The report did not pinpoint a particular district that Democrats, traditionally the favorite party of illegal aliens, seized from Republicans. Rather, the combination effect of the illegal population in America produced the GOP loss of at least one seat, according to the report.
"Illegal immigration also has a significant effect on presidential elections because the Electoral College is based on the size of congressional delegations," the CIS study indicated.
'Voter Erosion' of Citizens
According to the report, many low-immigration states that might seem unaffected by immigration experience "significant voter erosion" of their political influence in Washington.
"Taking away representation from states composed almost entirely of U.S. citizens so that new districts can be created in states with large numbers of non-citizens makes immigrant-induced reapportionment very different from reapportionment caused when natives relocate to other states," Camorata pointed out.
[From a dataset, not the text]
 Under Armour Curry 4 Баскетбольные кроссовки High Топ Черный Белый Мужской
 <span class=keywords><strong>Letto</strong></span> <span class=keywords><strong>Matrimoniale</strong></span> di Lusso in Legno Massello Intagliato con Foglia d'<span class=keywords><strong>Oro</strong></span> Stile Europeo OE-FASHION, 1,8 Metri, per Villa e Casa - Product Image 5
Of the nine states that lost a seat in 2000, only one in 50 residents is a non-citizen, the report revealed. By contrast, one out of every seven California residents is a non-citizen and six of the nine seats redistributed due to non-citizens went to California.
These findings, Poston suggested, might spur a movement among the public and lawmakers to revise the method of census taking.
"The exclusion of illegal immigrants may well be the scenario most likely to gain popular support and spark a legal challenge," Poston said.
The report noted that the Supreme Court has never addressed the substantive legal arguments surrounding the exclusion of illegal aliens in the census. The Federation of Americans for Immigration Reform (FAIR) filed two lawsuits challenging the Census Bureau's methodology of counting illegal aliens, but both suits were dismissed. In the latter suit, plaintiffs included 40 members of Congress and the commonwealth of Pennsylvania.
"Trying to deal with this problem by excluding non-citizens, illegal or legal, would be very difficult politically and is probably impossible as a practical matter," Camorata concluded.
According to Noah Pickus, the director of North Carolina's Institute for Emerging Issues and a participant in Thursday's panel discussion, the findings lend credence to the notion that states have a "perverse" incentive to attract larger populations of illegal aliens, which "undermines the very notion" of the representative republic on which the country was founded.
"The country faces a choice: Either continue to have record amounts of illegal immigration and therefore continue to redistribute seats away from states comprised mostly of American citizens to states with large numbers of illegal and legal immigrants, or better enforce immigration laws so as to reduce if not eliminate illegal immigration," Camorata said.